> _HOW TO COMPLETE THIS TASK_: Your answer should be the exact lines of the data below from the one containing "Bougeoire chandelier pour" through the one containing "BATTERIA A PIOMBO 12V 7.2AH"; please include nothing else.

> _DATA RECORDS_:
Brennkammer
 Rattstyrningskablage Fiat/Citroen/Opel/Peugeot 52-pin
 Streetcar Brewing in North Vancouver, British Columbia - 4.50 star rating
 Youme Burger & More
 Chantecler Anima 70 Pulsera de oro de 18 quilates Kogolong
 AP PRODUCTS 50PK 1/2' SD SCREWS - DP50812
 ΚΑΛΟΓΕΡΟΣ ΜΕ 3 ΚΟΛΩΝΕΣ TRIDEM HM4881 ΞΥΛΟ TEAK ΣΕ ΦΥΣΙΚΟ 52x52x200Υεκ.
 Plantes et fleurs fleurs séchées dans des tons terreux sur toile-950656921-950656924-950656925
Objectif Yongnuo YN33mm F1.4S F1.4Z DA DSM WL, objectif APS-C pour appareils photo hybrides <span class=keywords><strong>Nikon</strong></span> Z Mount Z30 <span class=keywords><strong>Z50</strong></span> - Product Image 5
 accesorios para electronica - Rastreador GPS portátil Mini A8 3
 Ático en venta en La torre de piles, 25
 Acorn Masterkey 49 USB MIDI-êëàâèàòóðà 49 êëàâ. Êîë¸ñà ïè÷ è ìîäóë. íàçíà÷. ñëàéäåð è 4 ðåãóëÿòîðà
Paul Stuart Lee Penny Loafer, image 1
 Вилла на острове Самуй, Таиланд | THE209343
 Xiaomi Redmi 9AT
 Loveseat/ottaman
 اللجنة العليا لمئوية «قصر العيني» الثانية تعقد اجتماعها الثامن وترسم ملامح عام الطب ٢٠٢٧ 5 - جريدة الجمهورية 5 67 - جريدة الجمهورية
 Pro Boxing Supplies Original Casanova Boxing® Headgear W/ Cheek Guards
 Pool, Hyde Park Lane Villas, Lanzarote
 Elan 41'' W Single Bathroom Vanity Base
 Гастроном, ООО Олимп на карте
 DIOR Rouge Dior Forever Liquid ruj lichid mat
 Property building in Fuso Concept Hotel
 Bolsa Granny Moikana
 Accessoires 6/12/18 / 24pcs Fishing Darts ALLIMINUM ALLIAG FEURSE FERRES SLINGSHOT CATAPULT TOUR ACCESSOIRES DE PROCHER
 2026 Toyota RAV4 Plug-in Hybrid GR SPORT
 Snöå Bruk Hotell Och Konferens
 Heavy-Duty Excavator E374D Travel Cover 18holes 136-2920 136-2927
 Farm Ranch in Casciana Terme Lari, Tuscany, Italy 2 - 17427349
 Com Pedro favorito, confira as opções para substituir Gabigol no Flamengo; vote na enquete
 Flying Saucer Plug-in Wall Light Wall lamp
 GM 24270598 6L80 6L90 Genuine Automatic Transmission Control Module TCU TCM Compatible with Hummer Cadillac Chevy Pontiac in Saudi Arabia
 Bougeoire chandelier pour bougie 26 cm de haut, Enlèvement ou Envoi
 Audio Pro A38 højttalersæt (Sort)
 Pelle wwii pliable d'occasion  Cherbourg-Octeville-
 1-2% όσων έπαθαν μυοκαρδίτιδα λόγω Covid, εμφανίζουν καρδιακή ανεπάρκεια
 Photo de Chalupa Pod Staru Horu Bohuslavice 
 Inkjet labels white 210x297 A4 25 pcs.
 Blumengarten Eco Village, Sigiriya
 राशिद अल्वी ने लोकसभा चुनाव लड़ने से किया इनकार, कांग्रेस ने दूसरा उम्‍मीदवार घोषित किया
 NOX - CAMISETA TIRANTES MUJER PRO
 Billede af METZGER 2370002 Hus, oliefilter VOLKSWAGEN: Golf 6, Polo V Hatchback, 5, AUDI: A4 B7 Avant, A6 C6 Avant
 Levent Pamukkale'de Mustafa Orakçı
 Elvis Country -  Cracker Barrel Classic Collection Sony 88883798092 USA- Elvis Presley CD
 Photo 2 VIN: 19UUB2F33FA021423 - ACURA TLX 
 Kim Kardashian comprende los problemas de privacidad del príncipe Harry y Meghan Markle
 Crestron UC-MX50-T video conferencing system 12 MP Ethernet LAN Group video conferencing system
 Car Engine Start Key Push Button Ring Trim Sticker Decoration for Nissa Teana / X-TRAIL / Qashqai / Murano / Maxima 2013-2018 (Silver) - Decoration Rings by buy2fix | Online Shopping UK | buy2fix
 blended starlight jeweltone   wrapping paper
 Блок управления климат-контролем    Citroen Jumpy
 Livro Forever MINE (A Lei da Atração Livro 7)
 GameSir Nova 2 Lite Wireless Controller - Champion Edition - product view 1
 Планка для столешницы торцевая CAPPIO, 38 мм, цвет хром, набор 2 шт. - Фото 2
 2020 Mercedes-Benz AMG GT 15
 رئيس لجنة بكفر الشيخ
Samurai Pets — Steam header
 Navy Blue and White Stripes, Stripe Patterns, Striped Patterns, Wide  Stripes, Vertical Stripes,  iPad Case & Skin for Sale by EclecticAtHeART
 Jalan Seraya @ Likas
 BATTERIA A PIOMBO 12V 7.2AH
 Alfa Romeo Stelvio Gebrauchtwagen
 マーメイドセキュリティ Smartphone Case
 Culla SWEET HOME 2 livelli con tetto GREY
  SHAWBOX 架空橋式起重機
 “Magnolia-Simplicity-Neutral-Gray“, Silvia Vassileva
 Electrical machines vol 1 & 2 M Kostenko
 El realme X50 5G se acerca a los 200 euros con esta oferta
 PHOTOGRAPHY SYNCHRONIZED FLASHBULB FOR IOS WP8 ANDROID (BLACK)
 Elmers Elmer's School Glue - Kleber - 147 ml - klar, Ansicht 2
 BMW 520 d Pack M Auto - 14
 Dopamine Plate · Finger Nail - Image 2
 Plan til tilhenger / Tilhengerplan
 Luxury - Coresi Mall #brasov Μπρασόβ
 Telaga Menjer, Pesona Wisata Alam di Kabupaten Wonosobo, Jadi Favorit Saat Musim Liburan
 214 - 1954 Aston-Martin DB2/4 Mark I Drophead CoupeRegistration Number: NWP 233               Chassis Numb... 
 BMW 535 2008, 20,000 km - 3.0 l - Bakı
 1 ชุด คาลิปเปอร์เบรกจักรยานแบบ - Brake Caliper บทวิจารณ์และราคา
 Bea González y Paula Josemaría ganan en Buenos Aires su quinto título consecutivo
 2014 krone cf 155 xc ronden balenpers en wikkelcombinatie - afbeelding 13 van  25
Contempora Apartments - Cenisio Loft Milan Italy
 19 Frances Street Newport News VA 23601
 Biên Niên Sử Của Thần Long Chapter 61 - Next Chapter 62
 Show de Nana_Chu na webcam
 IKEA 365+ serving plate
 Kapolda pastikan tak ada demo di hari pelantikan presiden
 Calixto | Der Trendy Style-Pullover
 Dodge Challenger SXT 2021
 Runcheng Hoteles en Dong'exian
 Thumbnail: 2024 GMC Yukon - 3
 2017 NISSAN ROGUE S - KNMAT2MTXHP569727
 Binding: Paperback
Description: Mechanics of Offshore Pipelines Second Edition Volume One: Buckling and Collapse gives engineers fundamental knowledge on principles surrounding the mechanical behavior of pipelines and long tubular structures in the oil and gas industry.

> _OUTPUT BELOW_:
 Bougeoire chandelier pour bougie 26 cm de haut, Enlèvement ou Envoi
 Audio Pro A38 højttalersæt (Sort)
 Pelle wwii pliable d'occasion  Cherbourg-Octeville-
 1-2% όσων έπαθαν μυοκαρδίτιδα λόγω Covid, εμφανίζουν καρδιακή ανεπάρκεια
 Photo de Chalupa Pod Staru Horu Bohuslavice 
 Inkjet labels white 210x297 A4 25 pcs.
 Blumengarten Eco Village, Sigiriya
 राशिद अल्वी ने लोकसभा चुनाव लड़ने से किया इनकार, कांग्रेस ने दूसरा उम्‍मीदवार घोषित किया
 NOX - CAMISETA TIRANTES MUJER PRO
 Billede af METZGER 2370002 Hus, oliefilter VOLKSWAGEN: Golf 6, Polo V Hatchback, 5, AUDI: A4 B7 Avant, A6 C6 Avant
 Levent Pamukkale'de Mustafa Orakçı
 Elvis Country -  Cracker Barrel Classic Collection Sony 88883798092 USA- Elvis Presley CD
 Photo 2 VIN: 19UUB2F33FA021423 - ACURA TLX 
 Kim Kardashian comprende los problemas de privacidad del príncipe Harry y Meghan Markle
 Crestron UC-MX50-T video conferencing system 12 MP Ethernet LAN Group video conferencing system
 Car Engine Start Key Push Button Ring Trim Sticker Decoration for Nissa Teana / X-TRAIL / Qashqai / Murano / Maxima 2013-2018 (Silver) - Decoration Rings by buy2fix | Online Shopping UK | buy2fix
 blended starlight jeweltone   wrapping paper
 Блок управления климат-контролем    Citroen Jumpy
 Livro Forever MINE (A Lei da Atração Livro 7)
 GameSir Nova 2 Lite Wireless Controller - Champion Edition - product view 1
 Планка для столешницы торцевая CAPPIO, 38 мм, цвет хром, набор 2 шт. - Фото 2
 2020 Mercedes-Benz AMG GT 15
 رئيس لجنة بكفر الشيخ
Samurai Pets — Steam header
 Navy Blue and White Stripes, Stripe Patterns, Striped Patterns, Wide  Stripes, Vertical Stripes,  iPad Case & Skin for Sale by EclecticAtHeART
 Jalan Seraya @ Likas
 BATTERIA A PIOMBO 12V 7.2AH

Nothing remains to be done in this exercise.